At the regional level, Bolsonaro praised Argentine President Mauricio Macri for ending the 12-year rule of Néstor and Cristina Fernández de Kirchner, which he saw as similar to Lula and Rousseff. Although he does not have plans to leave the Mercosur, he criticized it for prioritizing ideological issues over economic ones. A staunch anti-communist, Bolsonaro has condemned Cuba's former leader Fidel Castro and the current regime in that island.

Bolsonaro praised British Prime Minister Winston Churchill, saying that he had learned from Churchill: "Patriotism, love for your fatherland, respect for your flag – something that has been lost over the last few years here in Brazil... and governing through example, especially at that difficult moment of the Second World War." Bolsonaro said he's open to the possibility of hosting a U.S. military base in Brazil to counter Russian influence in the region.

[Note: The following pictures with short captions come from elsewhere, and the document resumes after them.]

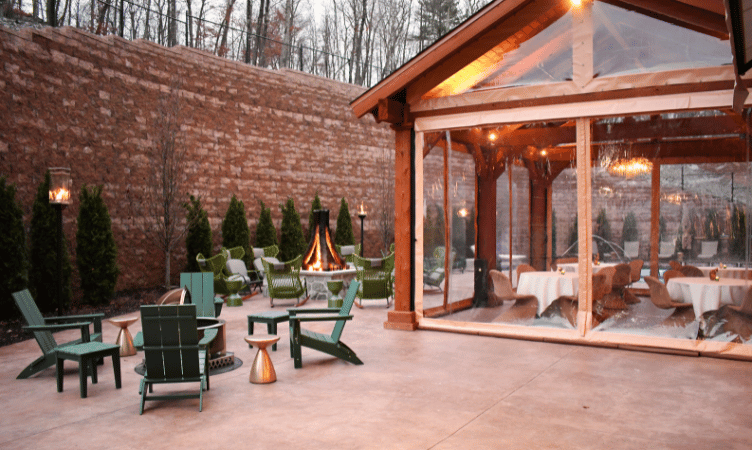 View of the indoor terrace at Swiftwater Hotel in the Poconos, featuring an elegant, light-filled space designed for relaxation and comfort.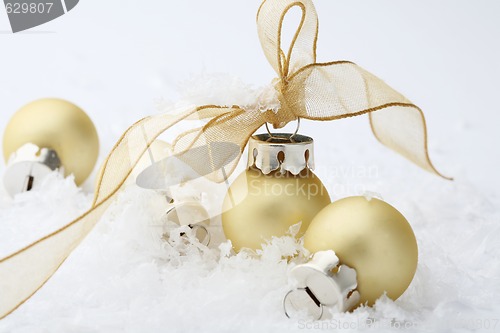 Image of Gold Christmas bauble decorations with ribbon.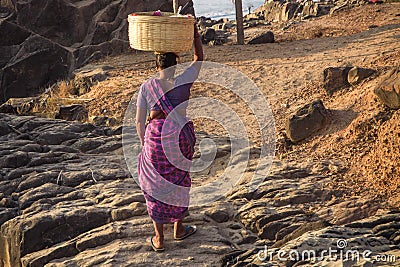 GOA, INDIA - MARCH 4: Woman in saris with basket on her head walks by Vagator beach on March 4, 2017 in Goa, India Editorial Stock Photo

With the intention to persuade Trump to make Brazil a NATO member in March 2019, Bolsonaro said: "the discussions with the United States will begin in the coming months".

With formal U.S. support for Brazil's entry to OECD in May 2019, Bolsonaro said, "currently, all 36 members of the organization support the entry of the country, fruit of confidence in the new Brazil being built, more free, open and fair". In October 2019, on a state visit to China, he announced the end of the need for visas for Chinese and Indian entry into Brazil. Brazil had already removed the need for visas for people from the U.S., Canada, Japan, and Australia.

Regional policy

Over the first decade of the 21st century, Brazil has firmly established itself as a regional power. It has traditionally, if controversially, been a leader in the inter-American community and played an important role in collective security efforts, as well as in economic cooperation in the Western Hemisphere. Brazilian foreign policy supports economic and political integration efforts in order to reinforce long-standing relationships with its neighbors. It is a founding member of the Organization of American States (OAS) and the Inter-American Treaty of Reciprocal Assistance (Rio Treaty). It has given high priority to expanding relations with its South American neighbors and strengthening regional bodies such as the Latin American Integration Association (ALADI), the Union of South American Nations (UNASUR) and Mercosur. Although integration is the primary purpose of these organizations, they also serve as forums in which Brazil can exercise its leadership and develop consensus around its positions on regional and global issues. Most scholars agree that by promoting integration through organizations like Mercosur and UNASUR, Brazil has been able to solidify its role as a regional power. In addition to consolidating its power within South America, Brazil has sought to expand its influence in the broader region by increasing its engagement in the Caribbean and Central America., although some think this is still a fragile, ongoing process, that can be thwarted by secondary regional powers in South America.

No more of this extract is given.